Dilihat dari pembangunan hukum,
Pengadilan Niaga dapat berfungsi sebagai lembaga yang melakukan penciptaan,
perubahan dan penyempurnaan hukum dengan melakukan penemuan hukum. Pada Pasal
280 ayat (2) terdapat kekosongan hukum yaitu berkaitan dengan “perkara niaga
lainnya”, kecuali tentang HAKI yang telah diatur dengan Undang-Undang. Fungsi
penemuan hukum dari Pengadilan Niaga hampir belum teraktualisasi secara baik,
kalaupun mulai ada kegiatan-kegiatan tersebut, namun berkembang menjadi
“tudingan” dan bahkan dipandang sebagai “kebobrokan” penegakan hukum di
Indonesia. Terlepas dari tudingan yang ada, “kekosongan” hukum dalam “sub
spesies hukum” yang menjadi kewenangan Pengadilan Niaga telah diisi oleh hakim
dengan penemuan hukum. Hakim telah melakukan interpretasi, seperti tentang
“utang”. Upaya hakim untuk “meletakkan” obyek perkara niaga perlu dihargai
sebagai suatu “penemuan hukum” yang sangat berarti dalam rangka membangun
Pengadilan Niaga ke depan, seperti pada kasus: AJMI (Asuransi Jiwa Manulife
Indonesia), dari sisi “penemuan hukum” terlihat bahwa hakim telah melakukan
fungsi penemuan hukumnya dalam mengartikan “utang”; pada kasus kredit pembiayaan
oleh sindikasi perbankan, hakim telah melakukan penemuan hukum berkaitan dengan
“subyek” hukum yang dapat berperkara di Pengadilan Niaga. Tidak dimanfaatkannya
Pengadilan Niaga di luar Jakarta Pusat, tidaklah harus diartikan bahwa lembaga
ini tidak bermanfaat. Keadaan tersebut harus dilihat dari berbagai sisi. Munir
Fuady mengungkapkan bahwa eksistensi Pengadilan Niaga tidak perlu diragukan
karena memang sudah kebutuhan dan banyak kelebihannya yang perlu dipertahankan,
yaitu prosedurnya cepat dengan sistem pembuktian sederhana. Hal yang perlu
dipertahankan dan diperhatikan adalah kecepatannya. Hotman Paris Hutapea
menyatakan bahwa proses penyelesaian utang-piutang melalui Pengadilan Niaga
telah menjadi pertimbangan bagi debitur untuk membayar utangnya daripada
dipailitkan.
- Paradigma Keberadaan Pengadilan
Niaga
Kenyataan yang tak dapat dipungkiri
dalam sejarah kehadiran Pengadilan Niaga di Indonesia adalah tidak terlepas
dari desakan lembaga donor yang memberikan pinjaman kepada Indonesia. Bila
ditinjau dari pembentukannya, jelas bukan merupakan kehendak dan kebutuhan
utama yang disadari oleh Pemerintah dan rakyat Indonesia, namun dengan
keberadaannya tertuang harapan besar agar Indonesia dapat keluar dari krisis
ekonomi secepatnya. Keberadaan Pengadilan Niaga bukanlah lembaga baru di Indonesia. Pada
Penjelasan Pasal 10 Undang-Undang No. 14 tahun 1970 telah dinyatakan bahwa pada
peradilan umum dapat diadakan pengkhususan berupa Pengadilan lalu lintas, Pengadilan
anak-anak, Pengadilan Ekonomi, dan sebagainya dengan Undang-Undang.

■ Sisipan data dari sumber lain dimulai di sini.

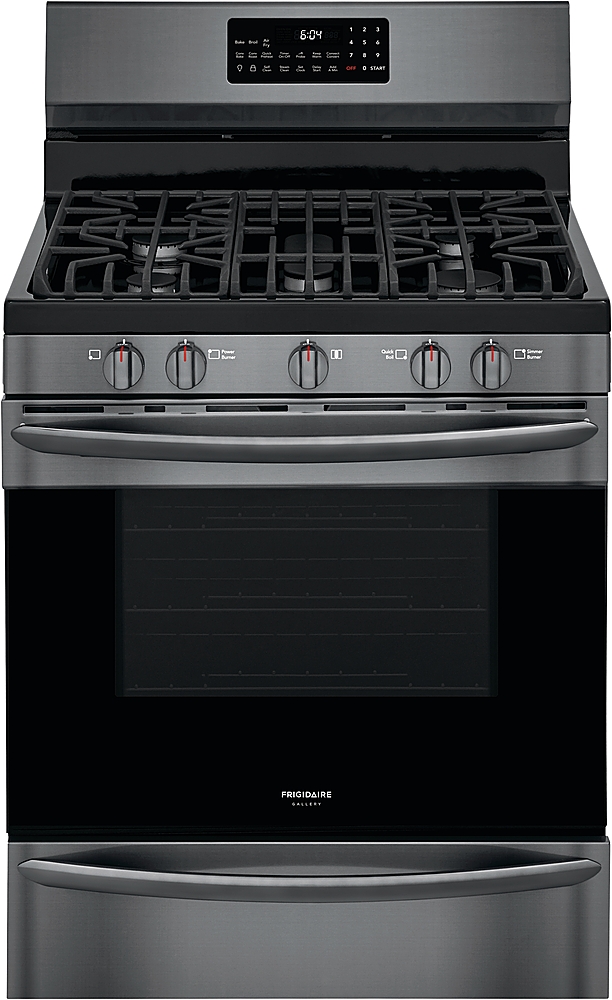 Frigidaire - Gallery 5.0 Cu. Ft. Freestanding Gas Range with Air Fry - Black stainless steel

Dengan demikian, maka di dalam Pasal
280 ayat (1) Undang -Undang No. 4 tahun 1998 ditegaskan bahwa Pengadilan Niaga
berada di lingkungan Peradilan Umum. Pengkhususan Pengadilan Niaga tidak hanya
dari permasalahan yang merupakan kompetensinya, tetapi juga dari proses
peradilan yang akan ditempuh oleh pencari keadilan. Peradilan Niaga mempunyai
sistem 1 sendiri, yaitu tidak mengenal upaya hukum banding, sehingga hanya ada
Pengadilan Niaga, Kasasi dan Peninjauan Kembali. Dalam pemanfaatannya, pencari
keadilan kurang memahami maksud penyederhanaan yang dilakukan. Hal itu
ditunjukkan dengan banyaknya pemanfaatan upaya hukum luar biasa “Peninjauan
Kembali”. Upaya hukum Peninjauan Kembali merupakan upaya hukum luar biasa dan
baru dapat digunakan pada kondisi dan persyaratan yang sangat ketat.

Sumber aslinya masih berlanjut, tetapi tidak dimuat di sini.